On 30/10/12 14:28, Osma Suominen wrote:
27.10.2012 02:31, Ondřej Hoferek kirjoitti:
I would like to use the full text search with LARQ for accent-insensitive
matching. I.e. pattern {?literal pf:textMatch "laska"} should also return
literal "láska žije".
I know that in Lucene, there is a class ISOLatin1AccentFilter which
can be
used while building/querying the index. However, I don't know how to
use it
from within LARQ.
Is there any way to achieve my goal?
Hi Ondrej,
I've had similar wishes but unfortunately LARQ is currently hardwired to
use the Lucene StandardAnalyzer which does not support such a filter. So
you would have to modify LARQ to use a custom analyzer with an accent
filter such as ISOLatin1AccentFilter or perhaps ICUFoldingFilter.

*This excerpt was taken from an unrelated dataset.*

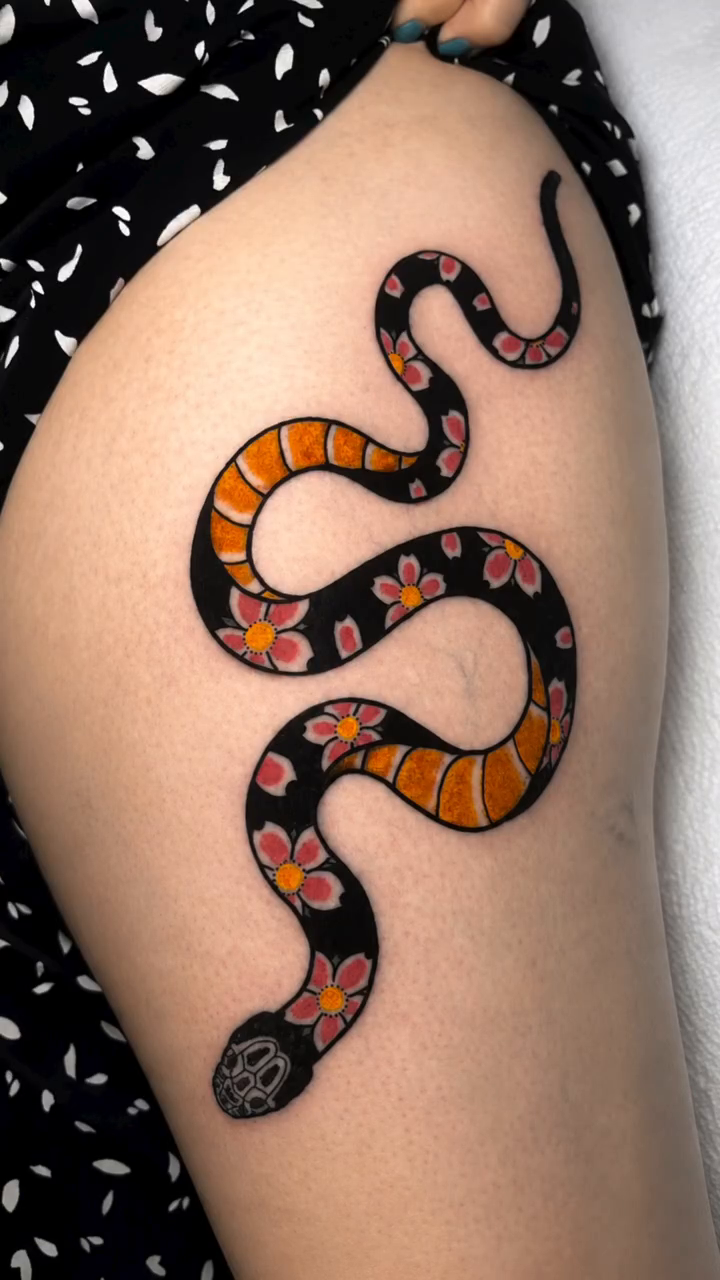 Tattoo by @toddshowdown — neo_traditional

What I would like to see is a way to configure LARQ to use a custom
analyzer, filter etc. combination without having to change the Java
code. For example Solr allows one to select suitable analysis components
using an XML configuration file.
How could we do this?
IndexLARQ.java has a couple of constructors which take an Analyzer:
public IndexLARQ(IndexReader r, Analyzer a)
public IndexLARQ(IndexWriter w, Analyzer a)
But they are not used directly.
One would need to make the Lucene Analyzer configurable via Jena's
Assembler vocabulary and use these if the user specify an analyzer.
I confess that the Assembler mechanism to build stuff in Jena is a bit
confusing to me and everytime I need to re-learn it or refresh it.
The XML configuration file in Solr is quite powerful but also complex.
Where would you draw the line between what LARQ does, should do and what
a full search engine such as Solr does?
Paolo
-Osma